Merge Progress

I finaly made some progress with this merge I’ve been doing. I’ve actually got everything to compile and the code up an running. Some of the stuff even works! 🙂
But some of it doesn’t 🙁 Null pointers galore!

Still it’s only three days late already!

Ho humm, I guess I’ll be putting in some overtime this weekend.

Lost Broadband

Damn, I lost my broadband connection last night! 🙁

So the next couple of entries will be pre-dated. That is I’ll post them with the aproximate times I thought of them.

It came back on sometime in the early hours of the morning. 🙂

Working From Home Woes

I’m still working from home on on this mega merge I have to do.

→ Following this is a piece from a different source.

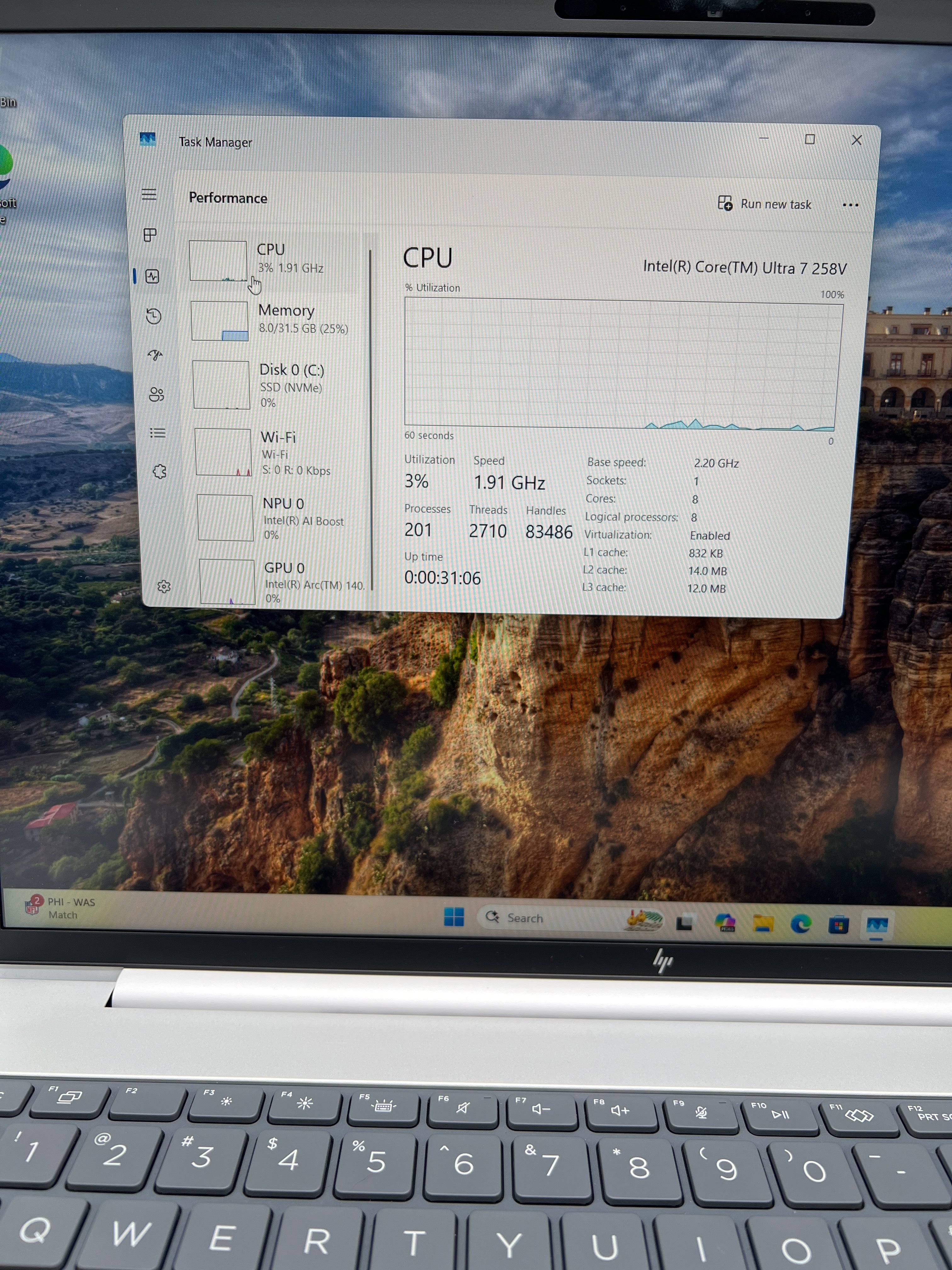 HP EliteBook 8 G1i 16 AI Ultra 7 32GB 1TB SSD Silver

It got really hard yesterday trying to get the stuff to compile. As an indication of the size of the task, I pulled some stats out of CVS:
Since the two code streams were one some time in May (?), on the first branch there have been more than 10,000 lines of changes in 286 files, and on the other branch there have been more than 42,000 lines of changes in 1209 files.

And I’m trying to bring the two together!

More on KaZaa Stealing Affiliate Sales

Prompted by comment left by Chris. I’ve looked into this story some more.

The story at Lockergnome points to a story on The New York Times (free registration required). Which goes into more (non-technical) detail. Software involved in this scam include Morpheus, Kazaa and LimeWire.

Last week, Amazon cut off affiliate payments to Morpheus, one site that employs the shopping software, said an online executive. Coldwater Creek, an online clothing store, has also blocked Morpheus….
A successful affiliate Web site can make $60,000 a month from referrals alone, said Haiko De Poel Jr., chief executive of Abestweb.

That’s a lot of money to be stealing!

At least two of the companies involved, have recently made changes to their software to stop this happening, but that of course won’t affect the millions of copies already downloaded.

Note that this redirection continues even after you have uninstalled the software!

Here’s another article about software, including KaZaa, using Microsoft’s ‘Smart Tags’ to steal visitors from web sites.

I can’t seem to find anything on the technology used, but I image it is simply that the software installs a local proxy on your machine (or hooks into one that’s already their) and parses either the incoming html to re-write the tags or the outgoing requests to substitute the affiliate number part of the well known query strings.

KaZaa Steals Referral Links

If you have the full spyware/sleazeware version of Kazaa on your machine and click on an affiliates link on someones website; for example a link to a book on Amazon, and subsequently purchase the book, then Kazaa will steal (that is the correct word) the small commission the refering site should have received.

These people are unbelievable in the things they think they can get away with. I really hope they don’t get away with this one.

If you must have Kazaa on your PC use the stripped down KaZaa Lite or at least run one of the spyware removal programs

Thanks to EVHEAD for pointing me to the story on Lockergnome.